Even if you have not, it’s very likely that your recent experience with some customer service representative from a business or service provider has not been all that positive. To avoid being too pessimistic, it seems that focus on the customer which should naturally be the most important part of a project, is often forgotten for some mysterious reason. In the world of project management, we often make an attempt to understand business objectives, user requirements, technical specifications, etc. in order to maximize our chances of building the best possible solution within the given constraints. However, most projects still fail. Why is that?
Regardless of the type of project you are involved in – IT solution, construction, aerospace, etc. – it is likely that this project will have many formal or informal requirements. Requirements can come from a number of different sources, such as the paying customers, actual end-users/consumers of the product, key stakeholders/investors, or important executives/management. A lot of time and money can be expended in pursuit of the “perfect requirements” that is intended to maximize the probability of a successful outcome.

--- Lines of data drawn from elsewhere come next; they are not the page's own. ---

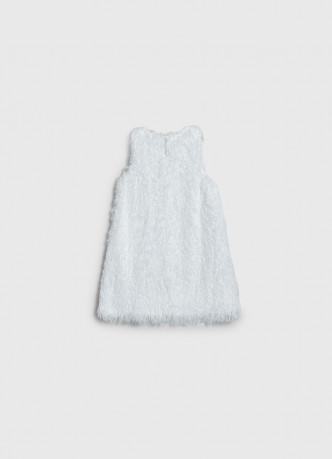 Фактурное платье мини для девочек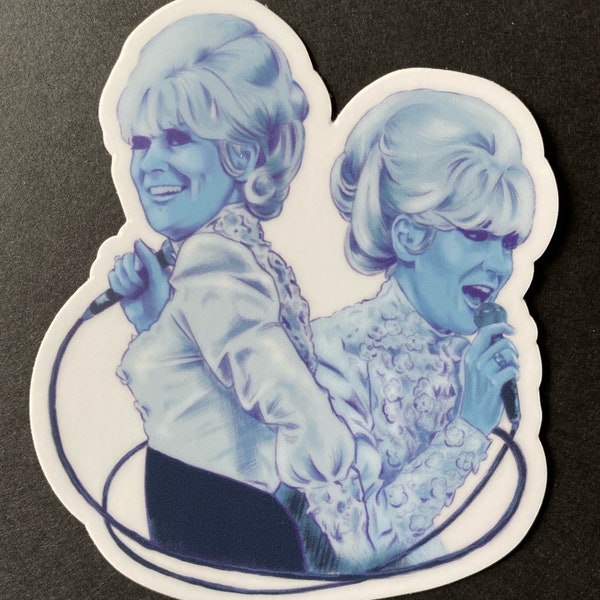 Vinyl Art Sticker DUSTY SPRINGFIELD die-cut 60's retro decal sixties soul music water bottle laptop bumper sticker Mod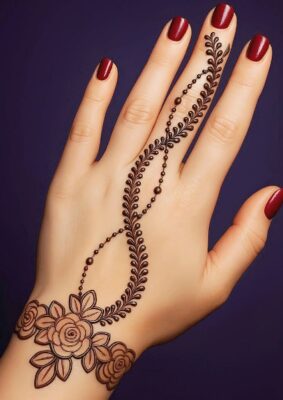 Back Beautiful Mehndi Designs sparkle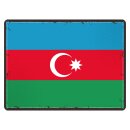 Blechschild "Flagge Aserbaidschan Retro" 40 x...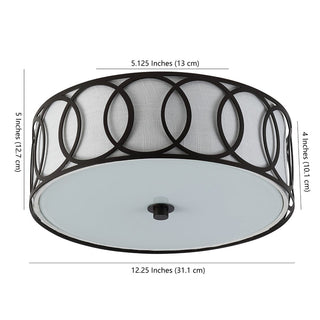 Jazmine Metal LED Flush Mount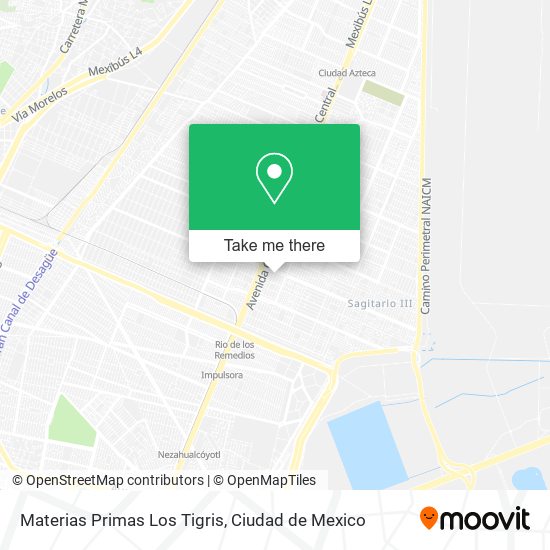 Mapa de Materias Primas Los Tigris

Quite often, even the most thorough and detailed requirements documents can fail to meet the needs of the project due to the lack of one element: personas. A “persona” is a component of the requirements analysis process that is often forgotten because it is not explicitly called out in most formal project management publications. The PMBOK (Project Management Book Of Knowledge), 6th Edition, very briefly mentions the term “personas” within the glossary, defined as “An archetype user representing a set of similar end users described with their goals, motivations, and representative personal characteristics”. Interestingly, the PMBOK does not describe how this concept fits into the overall project management discipline, which may explain why most projects I have worked on do not allocate time to identify personas that are relevant to the initiative.
“Why is ‘persona’ important if it is barely mentioned in the PMBOK?” you may ask. My experience leads me to believe that by NOT defining personas, we miss out on the opportunity to truly understand the customer, the end consumer of the output we are working so far to deliver. The persona enables us to take the perspective of the most important role – the customer benefits most from the solution you are delivering – to gain appreciation for WHY they may choose to use your product or service instead of another competing offering. Although we need to focus on the HOW as well in order to design/build/test/deliver the end product, truly understanding the WHY can make a tremendous difference between success and failure.
In closing, next time you are on the verge of kicking off a new project, you might consider setting aside time to formulate a “persona” for each type of individual that you expect to interact with your end product/solution. You may glean some unexpected insights from this process that could shape how you plan and execute your project.